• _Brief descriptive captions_
☆ ☆ ☆ ☆
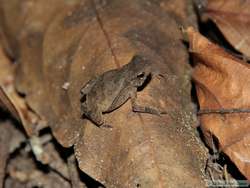 I think this is a baby South American common Toad (Bufo margaritifer).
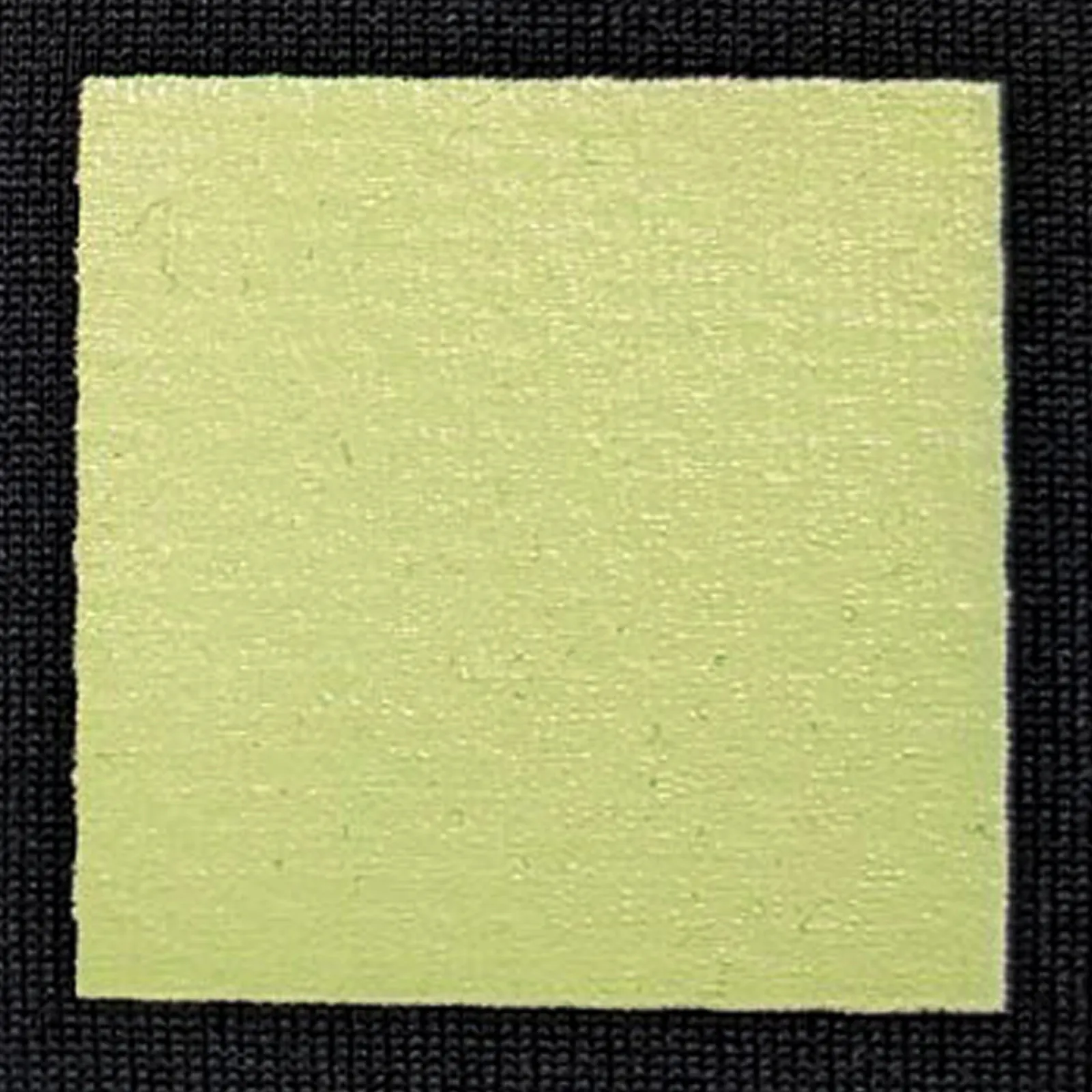 オリジナルプリント色見本 ペールグリーン：ドライ黒生地へのシルクスクリーンプリント仕上がり（インク番号 C-42）
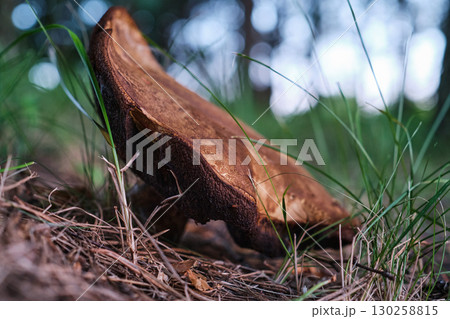 Edible Brown Mushroom Growing in Forest Close-Up 130258815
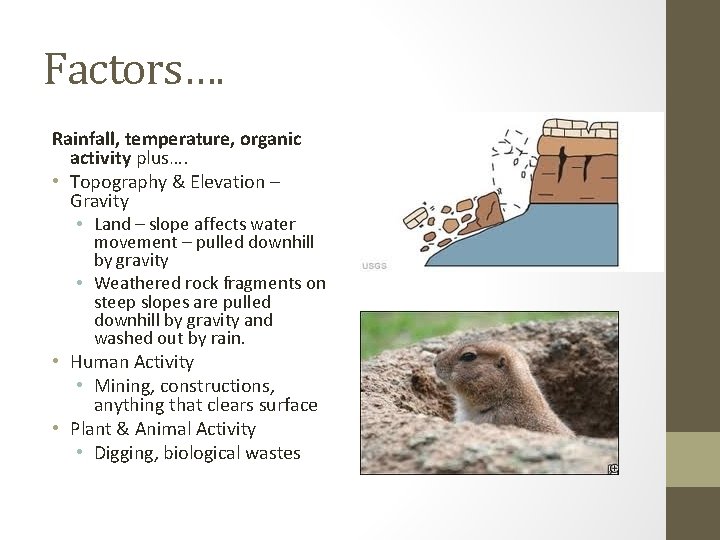 Factors…. Rainfall, temperature, organic activity plus…. • Topography & Elevation – Gravity • Land
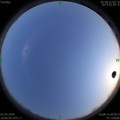 1585825580.jpg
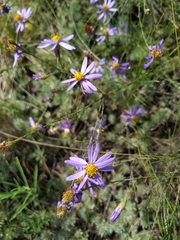 Galatella angustissima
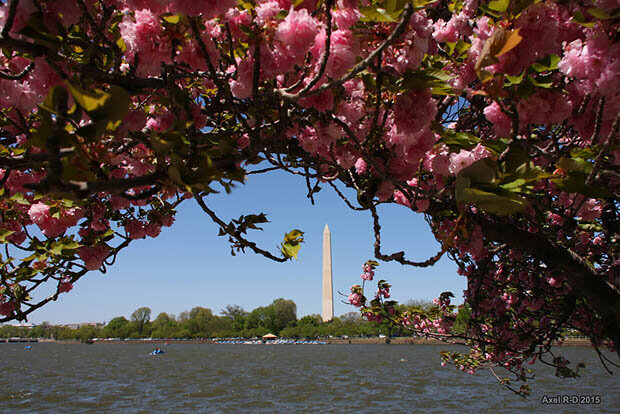 Cherry blossoms in Washington, DC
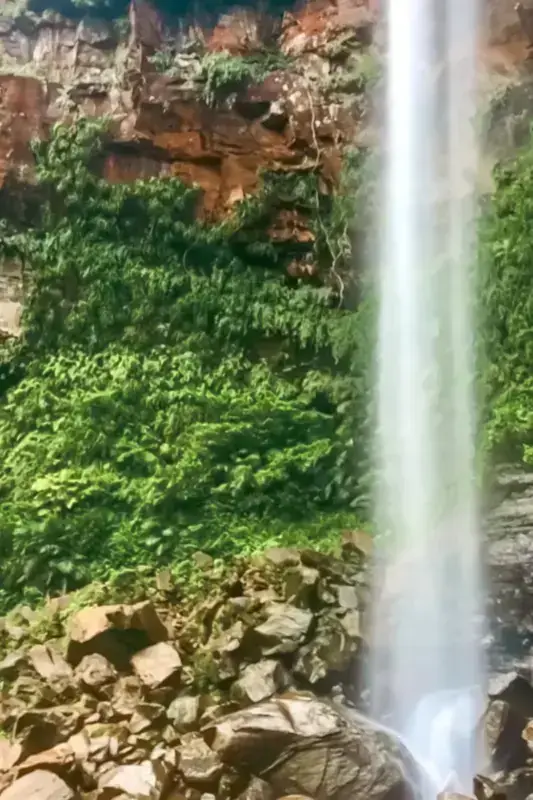 Tall waterfall cascading down a rocky cliff surrounded by lush green subtropical forest vegetation in Yanbaru, with moss-covered rocks at its base.
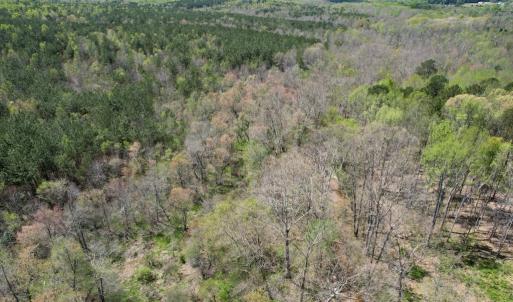 Photo #15 of Mountain Hall Rd, Crewe, VA 43.0 acres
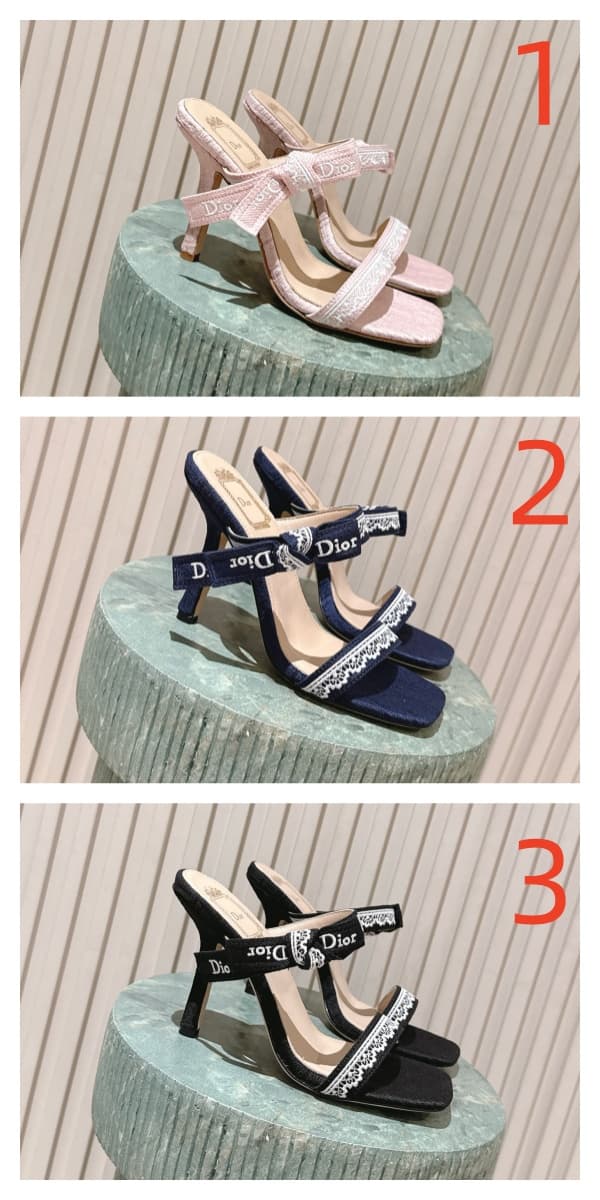 Dior Dentelle Heeled Slides
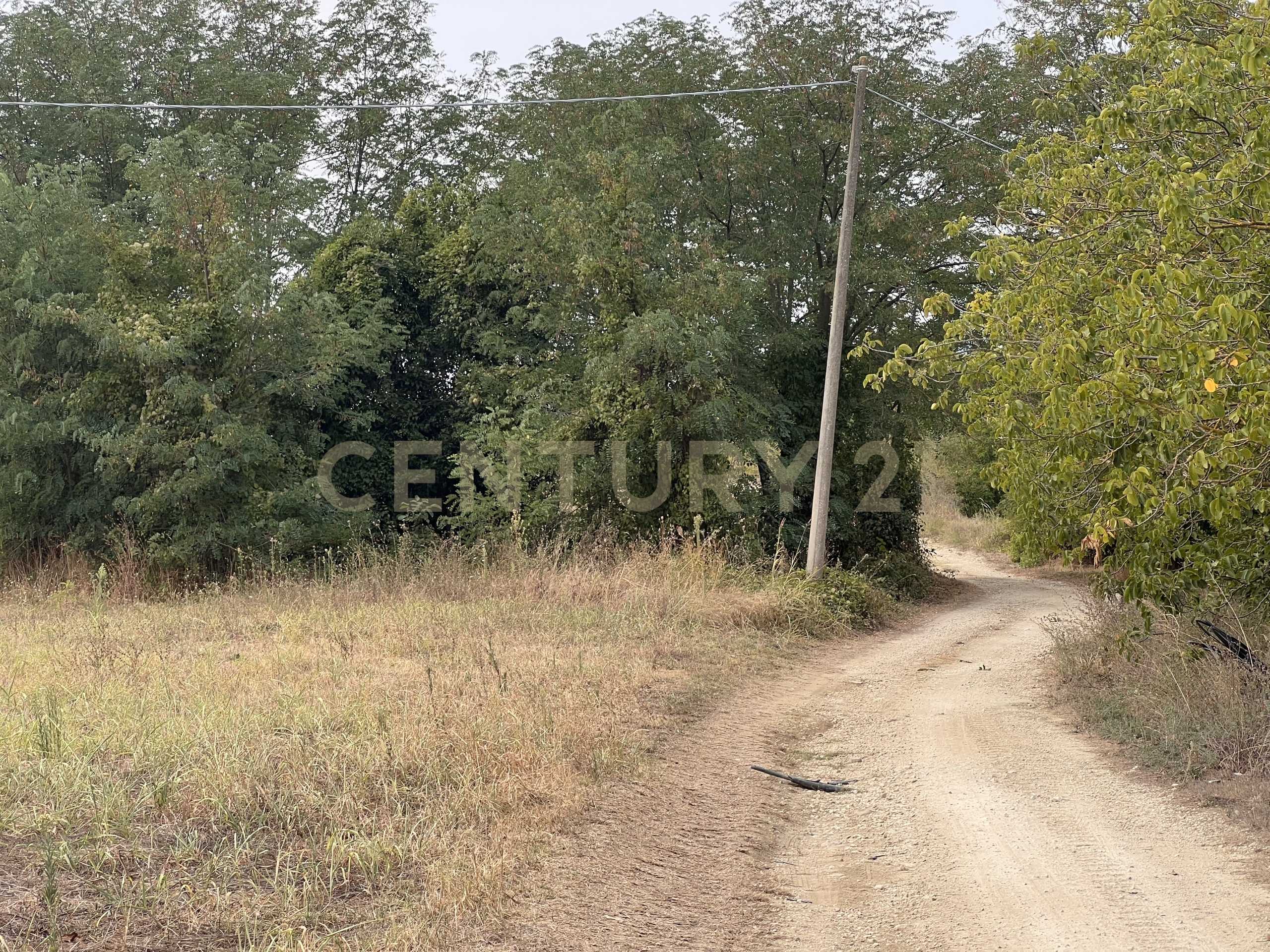  - foto 48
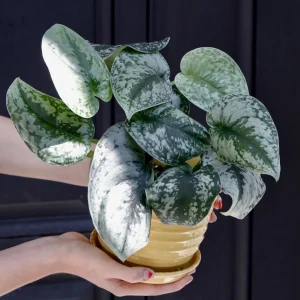 Scindapsus Silver Exotica Live Plant - 3 inch Nursery Pot - Rare Vining Indoor Pothos - Image 2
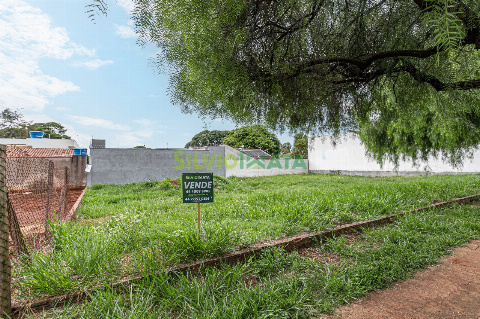 TERRENOS, Avenida José Alves Nendo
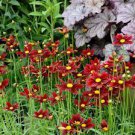 Flower Plant 2 Live Coreopsis Red Elf Perennial Tickseed Perennial Stunning Raspberry Flower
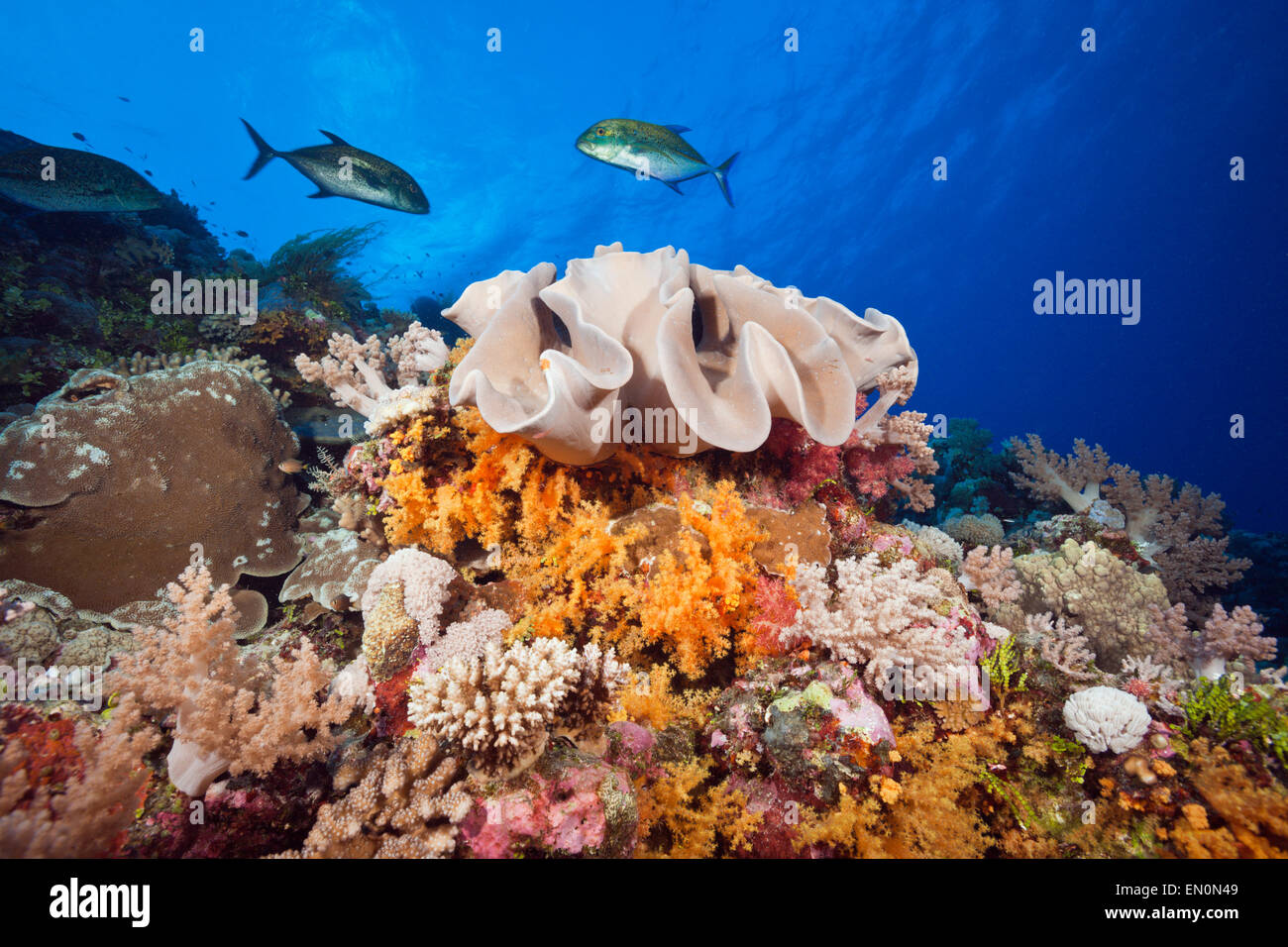 Artenreiches Korallenriff, Osprey Reef, Coral Sea, Australien Stockfoto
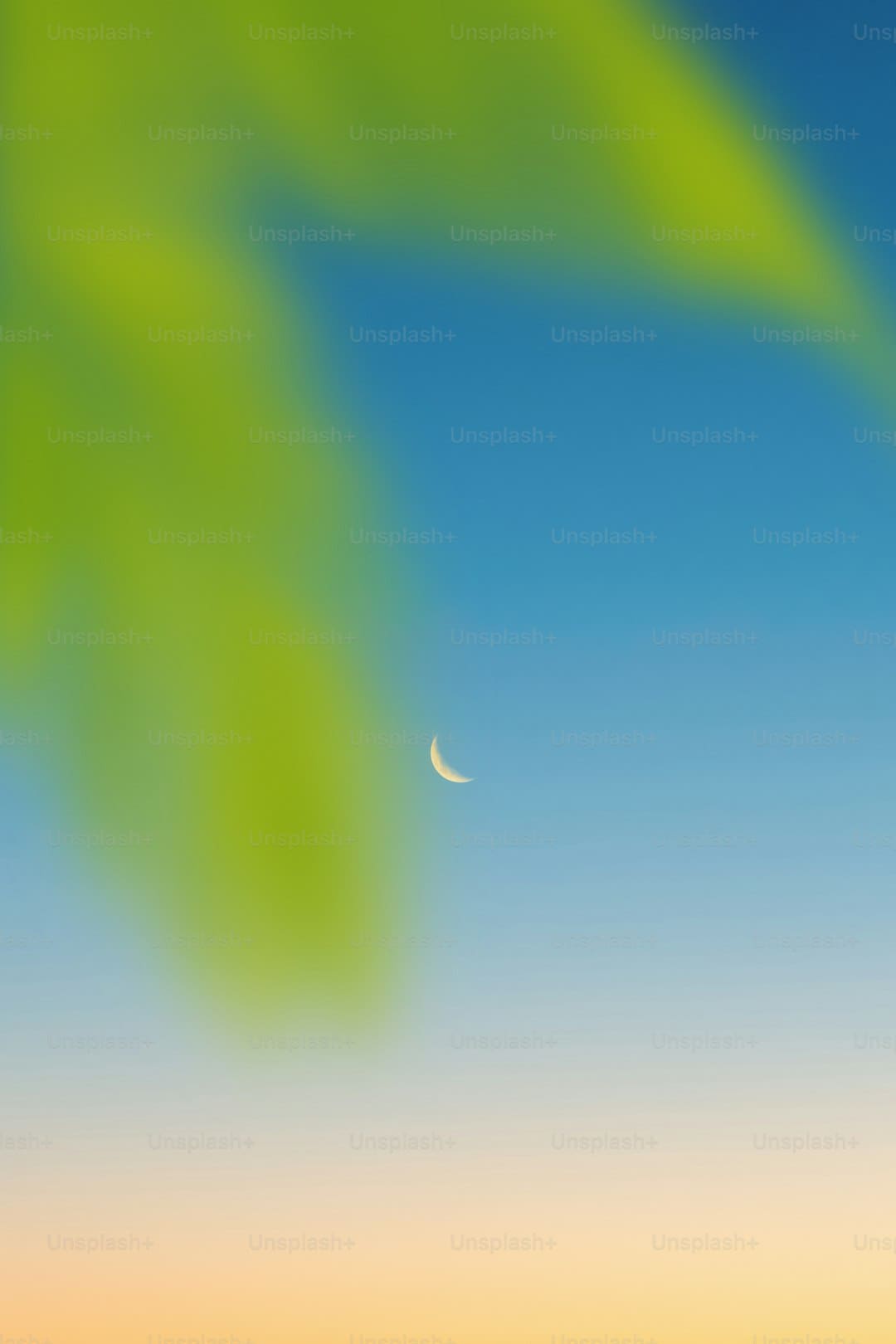 杨默依全新EP《不率直》正式官宣 首波主打曲《昙花》诠释惋惜美学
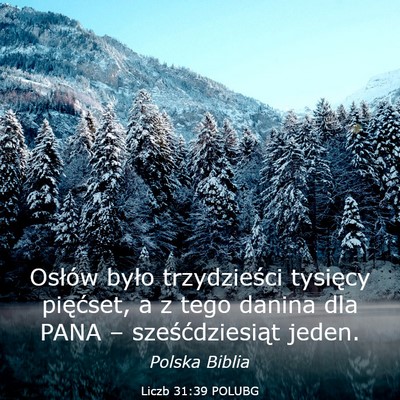 Picture 03 - Liczb 31:39 POLUBG - Osłów było trzydzieści tysięcy pięćset, a - Bible Verse Picture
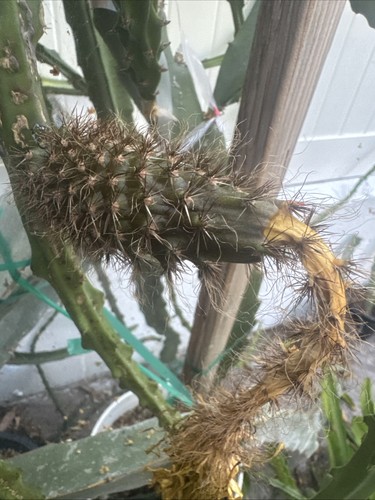 Mac dragon fruit cuttings - mac,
☆ ☆ ☆ ☆
• _INSTRUCTIONS TO FOLLOW_
Type the records out again in full, exactly, with each picture omitted.

• _WRITTEN REPLY_
 I think this is a baby South American common Toad (Bufo margaritifer).
 オリジナルプリント色見本 ペールグリーン：ドライ黒生地へのシルクスクリーンプリント仕上がり（インク番号 C-42）
 Edible Brown Mushroom Growing in Forest Close-Up 130258815
 Factors…. Rainfall, temperature, organic activity plus…. • Topography & Elevation – Gravity • Land
 1585825580.jpg
 Galatella angustissima
 Cherry blossoms in Washington, DC
 Tall waterfall cascading down a rocky cliff surrounded by lush green subtropical forest vegetation in Yanbaru, with moss-covered rocks at its base.
 Photo #15 of Mountain Hall Rd, Crewe, VA 43.0 acres
 Dior Dentelle Heeled Slides
  - foto 48
 Scindapsus Silver Exotica Live Plant - 3 inch Nursery Pot - Rare Vining Indoor Pothos - Image 2
 TERRENOS, Avenida José Alves Nendo
 Flower Plant 2 Live Coreopsis Red Elf Perennial Tickseed Perennial Stunning Raspberry Flower
 Artenreiches Korallenriff, Osprey Reef, Coral Sea, Australien Stockfoto
 杨默依全新EP《不率直》正式官宣 首波主打曲《昙花》诠释惋惜美学
 Picture 03 - Liczb 31:39 POLUBG - Osłów było trzydzieści tysięcy pięćset, a - Bible Verse Picture
 Mac dragon fruit cuttings - mac,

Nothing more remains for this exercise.